# [Task details]
Could you copy exactly the lines below, beginning at the line with "Casa de Férias" and stopping after the line with "property at 3210 Louisiana St", with no pictures?
[Dataset records Boundary: Start]
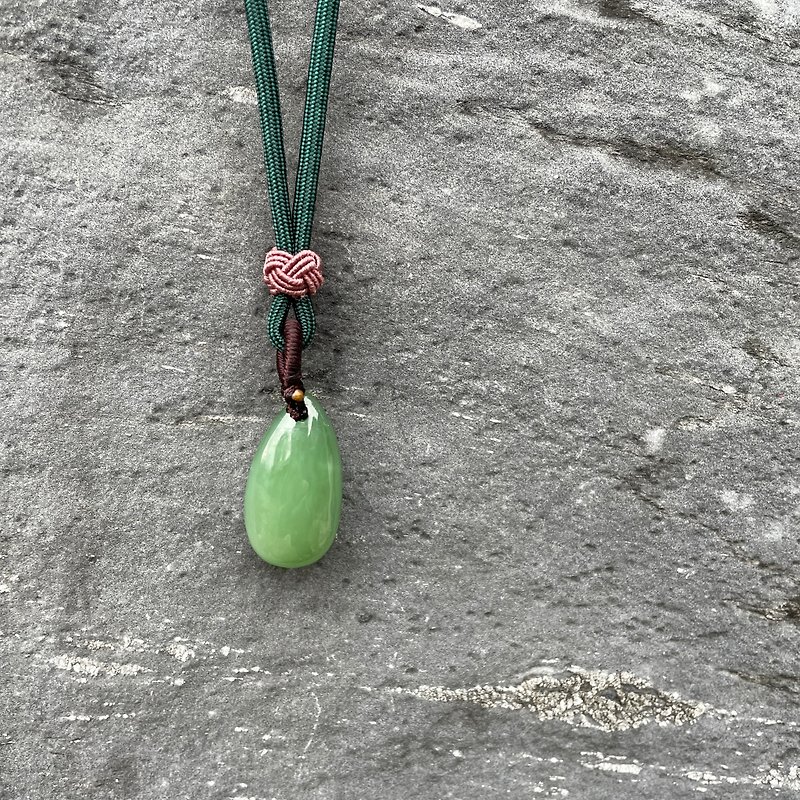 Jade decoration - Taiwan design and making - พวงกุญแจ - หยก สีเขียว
[Dataset records Boundary: End]
[Dataset records Boundary: Start]
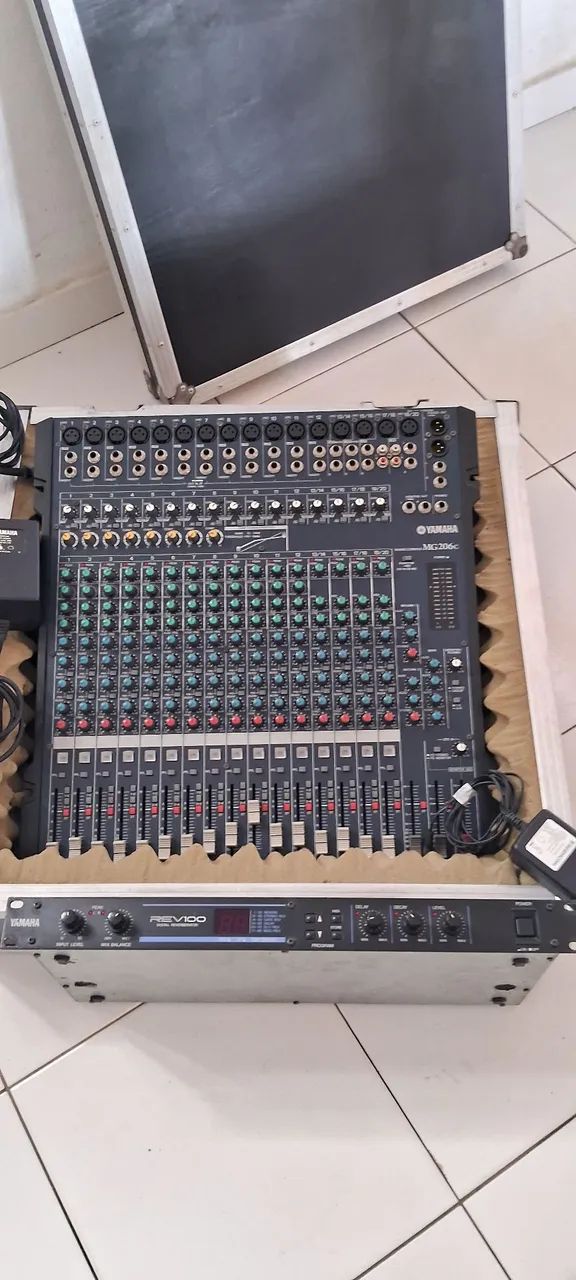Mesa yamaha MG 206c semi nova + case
[Dataset records Boundary: End]
[Dataset records Boundary: Start]
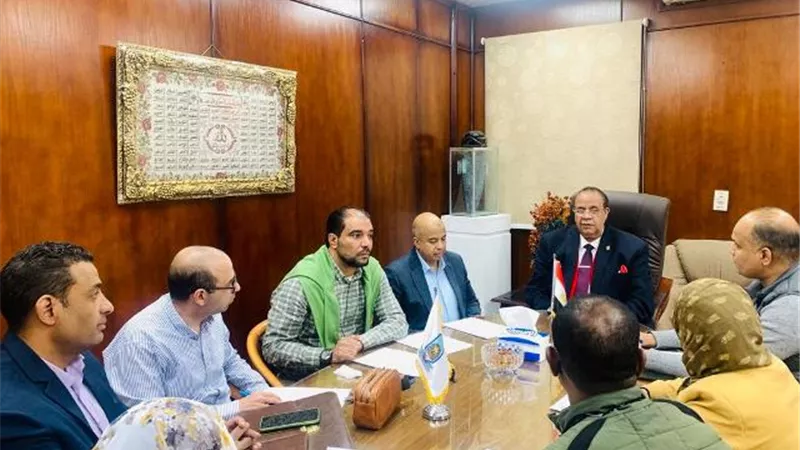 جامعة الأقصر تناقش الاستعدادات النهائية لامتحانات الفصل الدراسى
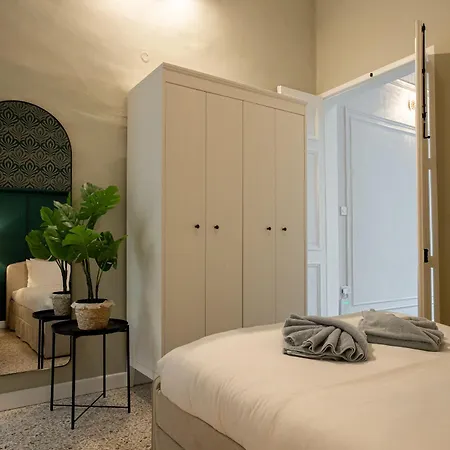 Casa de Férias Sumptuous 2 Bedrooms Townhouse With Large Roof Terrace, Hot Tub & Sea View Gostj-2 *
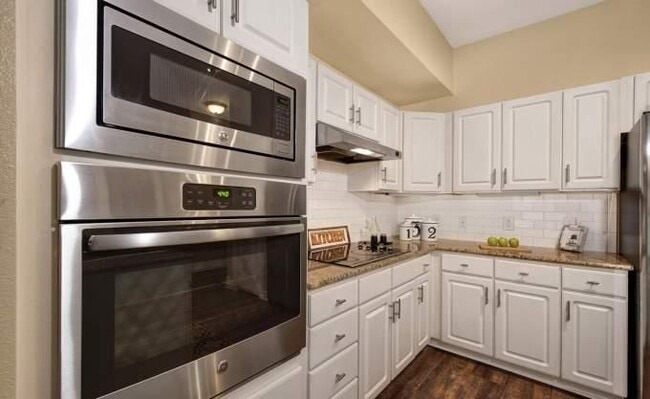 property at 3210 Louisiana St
[Dataset records Boundary: End]
# [Exercise output]
 Casa de Férias Sumptuous 2 Bedrooms Townhouse With Large Roof Terrace, Hot Tub & Sea View Gostj-2 *
 property at 3210 Louisiana St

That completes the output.